Im Back!

That'll teach me. No good deed goes unpunished.

My ex-wife had her computer really hosed. We are really good friends still and I am still her goto tech support. It turned out that she had been running with no anti-virus software for 4 months. Her computer STOPPED me flat from installing it again.

I normally handle this easily by popping out the drive and putting it in a USB enclosure, mounting it as an external drive and running a full scan. It cleared like 60 viruses off the drive.

I popped it back into her computer, fired it up, installed new antivirus software. and then I made the mistake.  Put it on my network to download new virus definitions. In the 5 mins that took, the malware hopped to the next machine on the network.

I am not going to mention the name of this virus. Because if you Google it one of the top ten hits will infect you with it.

--What did I miss?


Bits_and_Bullets Andy said...
This comment has been removed by the author.
Bits_and_Bullets Andy said...

Good to hear!

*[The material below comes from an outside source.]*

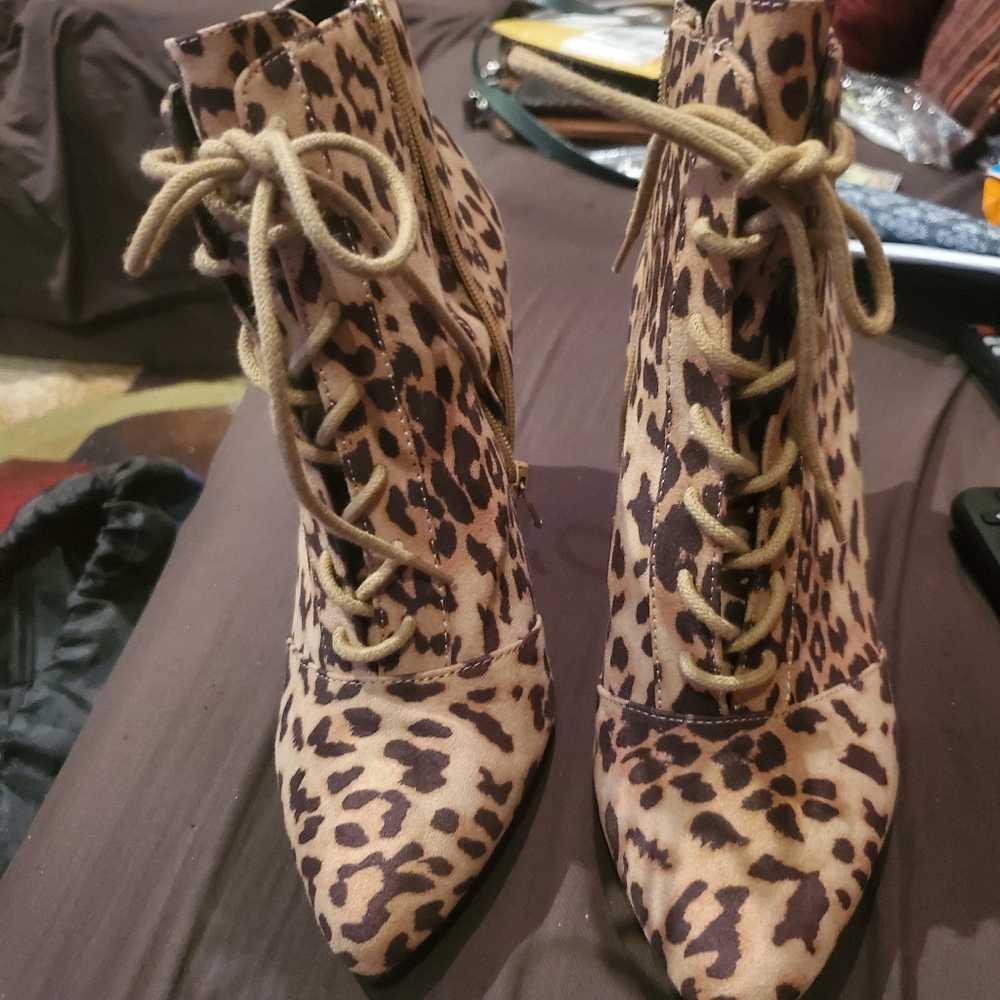 Leopard ankle boots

For a bit there I was thinking something bad had happened.

I don't run Windows, except in a VM, because of this sort of thing.

Laura said...

holy crap.

um. here are my usual solutions for infected machines at work: Combofix (download it from bleepingcomputer - anything else isn't the real .exe) and SuperAntiSpyware.

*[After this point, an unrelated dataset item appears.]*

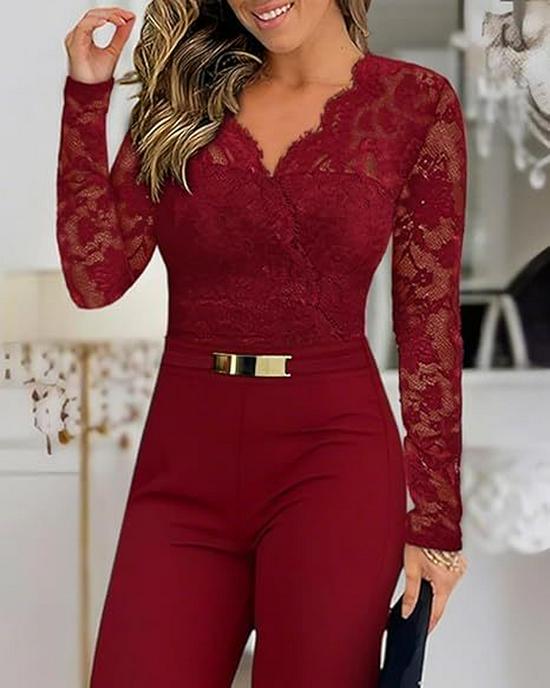 Women's Lace Patchwork Long Sleeve Jumpsuit with Belt and Wide-Leg Pants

try combofix. it will run in safe mode with networking.

Laura said...

download link for combofix:

MSgt B said...

Here's MY usual solution for infected machines:

Yell at the box to see if the little magic elves will get back to work.

Tap on the side and the top of the box, then bang on it repeatedly.

Speak gently and imploringly to the elves. Offer to make a deal.

Get angry. Take the box in the backyard and stomp on it. Drop it in the fire pit.

Grab the car keys.

Go to Best Buy.

Bits_and_Bullets Andy said...

MSgt B, I'll be watching you closely at the blogshoot if you take a go with any of my gats.

Bubblehead Les. said...

If it's Windows, I like CCleaner.

Running Sophos on the Mac.

And I'm using Lookout on my Droid phone.

Hope this helps.

ASM826 said...

It's a root kit virus. The infected files are hidden in with the boot kernel of the operating system. Download one of Linux boot disks that have a scanner for root kits and boot the system off the CD you make. Let it scan and remove the core part of the underlying virus. Here's a link to a page full various options:
I fixed a system for a friend yesterday and used Avira that I downloaded from that page.